Well, it was just announced that the president is willing to open the government for three weeks.  After that, who knows what he'll do.  One wonders if perhaps this is due to the flack he's receiving from things his administration is on record as saying this past week.  Kevin Hassett, a White House economic advisor, felt that furloughed employees were "better off" because they were getting time off without having to use vacation days.  Wilbur Ross, the Commerce Secretary, wondered why federal employees just didn't take out loans to carry them through the shutdown.  Then there was my personal favorite, when the president went off on an interesting line of thought of how federal workers are "known by the people in the stores" and that the people in the stores would "work along" with the federal employees.   Was he trying to say that the grocery stores would let them run a tab?  Was he thinking about the corner bodega or what?  Imagine, if you will, an air traffic controller living in the DC Metro area approaching the manager of a Safeway and asking for credit.  The president is clearly not totally in touch with how things are in the real world.  This shut down has been so bad for so many people.  The contractors, who don't receive back pay, will never be made whole.

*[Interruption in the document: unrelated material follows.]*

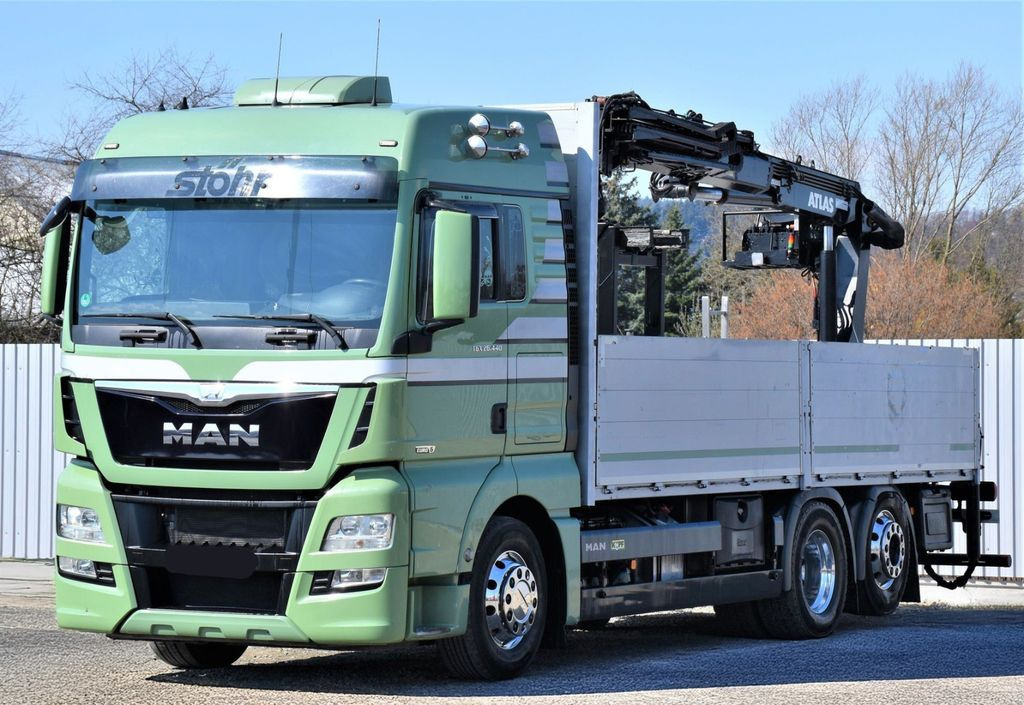 MAN TGX 26.440 Pritsche 6,60 m* ATLAS 125.2V-A12VB - Автоманипулятор: фото 4 MAN TGX 26.440 Pritsche 6,60 m* ATLAS 125.2V-A12VB - Автоманипулятор: фото 4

Here is an uplifting photo of my favorite church in Tucson.  It reminds me of Greece with the white against the blue sky.


Monday, January 21, 2019

MLK Day, the Desert and Complaining About Google

Happy Martin Luther King Jr. Day to you all.  I realize some of you are up to your waists in snow and I'm sorry about that.  I can not imagine the awfulness of the amount of snow in the middle of the country and the east.  Here in Tucson we're under a high wind warning (which the forecasters got right), but there will be no complaining about our climate.

There has been hiking.


The other day we headed towards the water tower and went uphill from there, towards this.


Notice the saguaros growing out of the top of the mountain.  How do they do that?  There is a bench placed on the trail, just as it peters out.  To continue, one must bushwhack.

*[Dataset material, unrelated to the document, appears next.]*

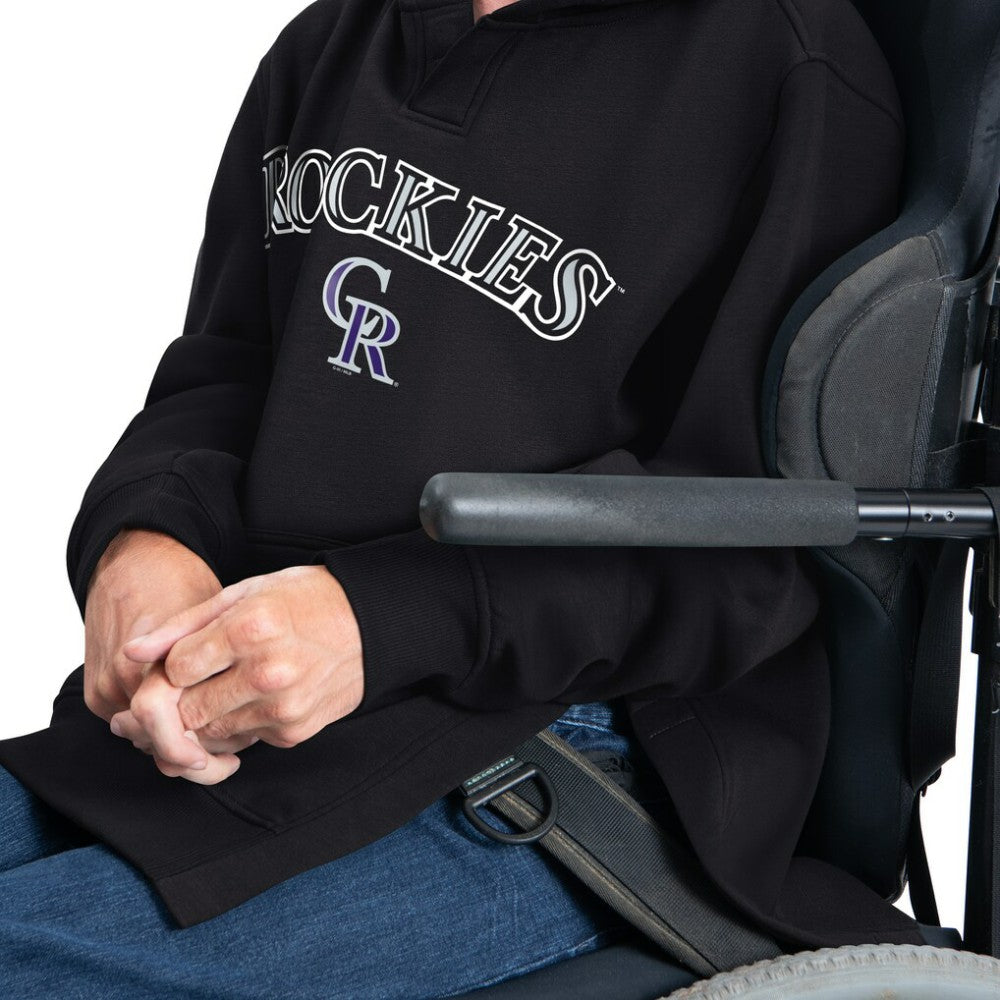 Colorado Rockies G-III Sports by Carl Banks Adaptive Lockup Fleece Hoodie - Black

This is buffel grass which is the scourge of the Sonoran Desert.  Awhile ago I read an article that said its spread was due to illegal immigrants bringing the seeds in on their clothing from Mexico.  Hopefully I never referenced that article because it's not true.  Ranchers planted it for forage for their cows.  It's non-native, spreads like the weed it is, burns hot enough to kill the cactus, shades the baby cactus and kills them and in ten or so years depletes the ground so that all is left is an area unable to support life.  Great plant, eh?   Our neighbor has been removing a patch of buffel grass up by the bench.  He levers it out with a bladed tool, leaves it to dry (and be less heavy) and then bags it up and brings it down the hill.  I saw him this morning at 8:45 having brought down two bags.  We have an infestation on the side of the wash just on the other side of the wall.  Five weeks of glyphosate last October has killed the existing plants.  We don't know if the seeds have escaped death.  I've ordered up a bunch of casoron and another pre-germinant to try to keep any seeds from sprouting.  Looks like killing buffel grass will be an ongoing project.  We can't dig it out because the bank is really unstable.


More of the always lovely desert.


This was from today.  The chollas are very happy this year.  They had a good monsoon and then a bunch of rain in December.  Cactus happiness abounds.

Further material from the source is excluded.